If `A` is the null set, find the number of elements in the power set `P(P(A))`.

To solve the problem of finding the number of elements in the power set \( P(P(A)) \) where \( A \) is the null set, we can follow these steps: ### Step 1: Identify the null set The null set, denoted as \( A \), is defined as: \[ A = \emptyset \] ### Step 2: Find the power set of \( A \) The power set \( P(A) \) is the set of all subsets of \( A \). Since \( A \) is the null set, the only subset of \( A \) is itself, which is the empty set.

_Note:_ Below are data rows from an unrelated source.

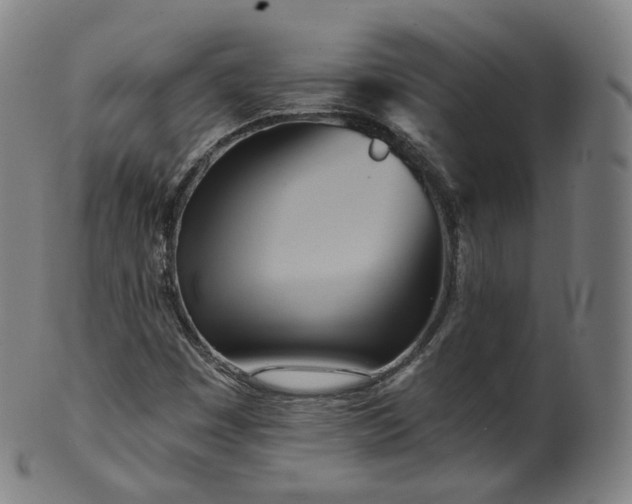 X0000099961449200806061555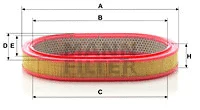 Air Filter (C 3338)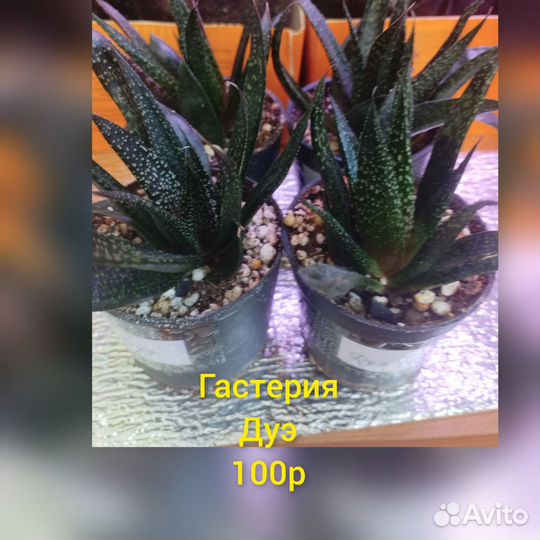 Гастерия Дуэ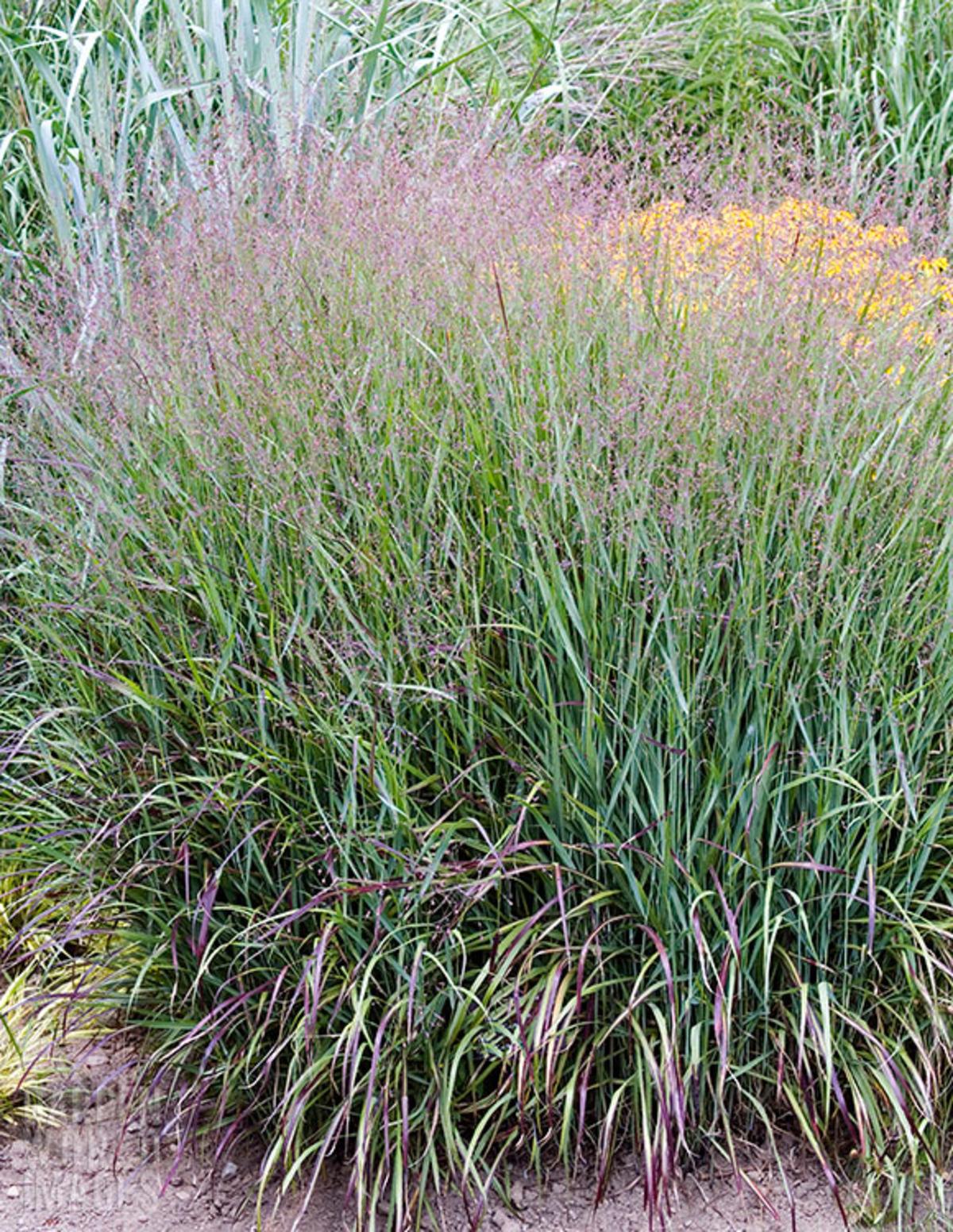 G0119 Grass, Panicum Virgatum 'shenandoah' - View 11 from www redcrocus com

Therefore: \[ P(A) = \{ \emptyset \} \] ### Step 3: Determine the number of elements in \( P(A) \) The power set \( P(A) \) has only one element, which is the empty set: \[ |P(A)| = 1 \] ### Step 4: Find the power set of \( P(A) \) Now we need to find the power set of \( P(A) \), which is \( P(P(A)) \). Since \( P(A) \) contains one element (the empty set), we can find its power set: \[ P(P(A)) = P(\{ \emptyset \}) \] The power set of a set with one element contains two subsets: the empty set and the set itself. Therefore: \[ P(P(A)) = \{ \emptyset, \{ \emptyset \} \} \] ### Step 5: Determine the number of elements in \( P(P(A)) \) The power set \( P(P(A)) \) has two elements: \[ |P(P(A))| = 2 \] ### Final Answer Thus, the number of elements in the power set \( P(P(A)) \) is: \[ \boxed{2} \]